Okay, here is an updated patch set with first drafts of the commit
messages. I'm reasonably happy with these patches, but I'll admit my
justification for ripping out the 32-bit optimizations feels a bit flimsy.
I don't get the idea that we are all that concerned about things like
micro-regressions for popcount on 32-bit builds, but OTOH it isn't hard to
imagine someone objecting to these changes.

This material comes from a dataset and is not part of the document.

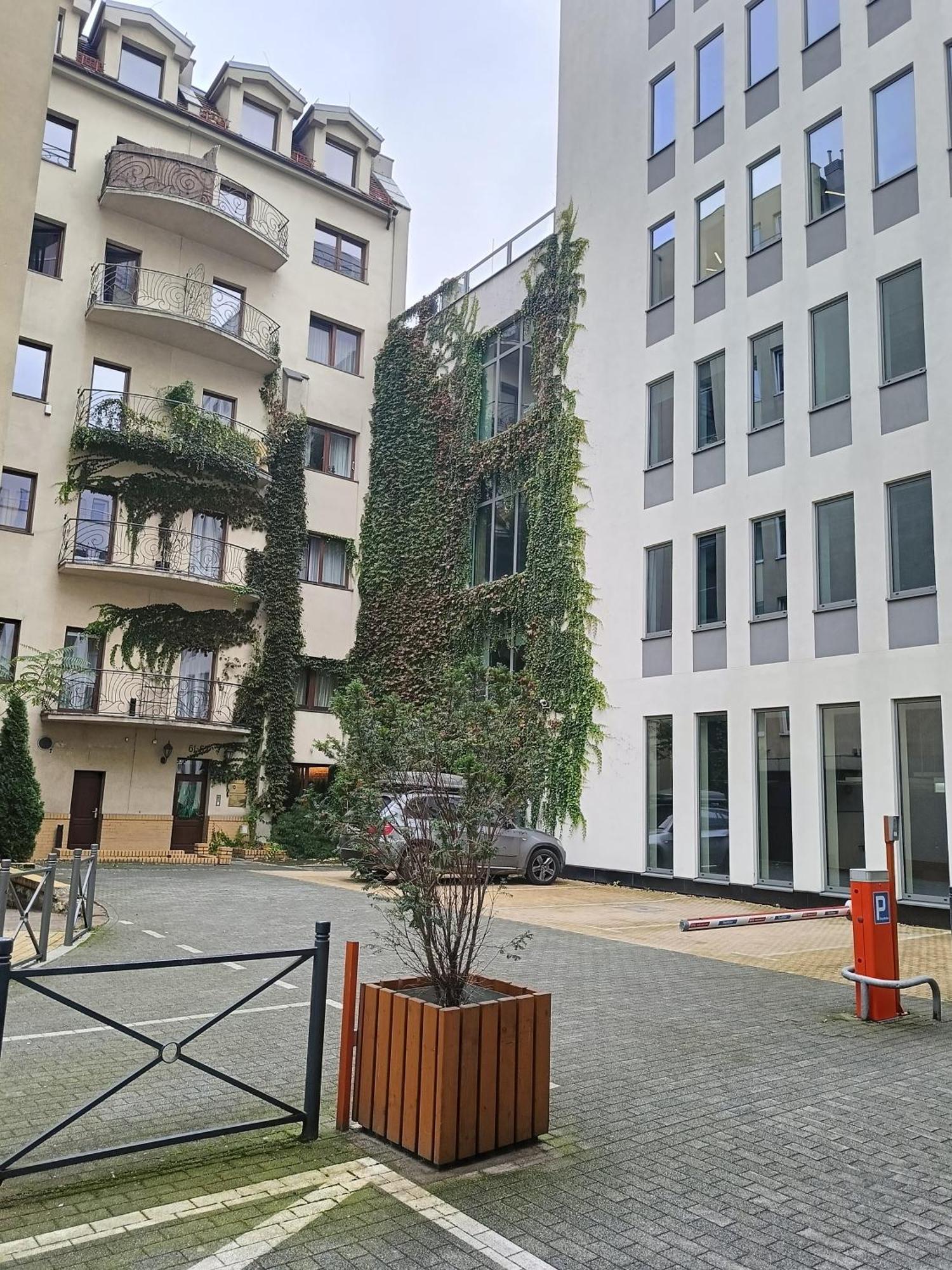 Sleepwalker Boutique Suites Вроцлав Екстериор снимка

I ran the bms_num_members() benchmark on a couple of machines I had nearby:
apple-m3 (neon) intel-i5-13500T (sse4.2)
words HEAD v8 words HEAD v8
1 40 25 1 26 10
2 57 51 2 37 29
4 75 57 4 55 45
8 105 56 8 88 51
16 154 59 16 158 68
32 265 73 32 296 102
64 545 103 64 577 209
128 1027 178 128 1212 423
I was going to run it on machines with SVE/AVX-512, but John already tested
the AVX-512 case [0], and I have no reason to believe that we'll see
regressions on machines with SVE.
[0]
https://postgr.es/m/CANWCAZbWLX%3DEDd1Bq-8oGK2ZLVNR4m4BkGe%3D288t2V5oLcqeZA%40mail.gmail.com
--
nathan
>From 19404ae038c6fa678c41a2b4db62c9b885896c18 Mon Sep 17 00:00:00 2001
From: Nathan Bossart <[email protected]>
Date: Thu, 22 Jan 2026 11:33:56 -0600
Subject: [PATCH v8 1/3] Remove some unnecessary optimizations in popcount
code.
Over the past few releases, we've added a huge amount of complexity
to our popcount implementations. Commits fbe327e5b4, 79e232ca01,
8c6653516c, and 25dc485074 did some preliminary refactoring, but
many opportunities remain. In particular, if we disclaim interest
in micro-optimizing this code for 32-bit builds and in unproven
alignment checks, we can remove a decent chunk of code.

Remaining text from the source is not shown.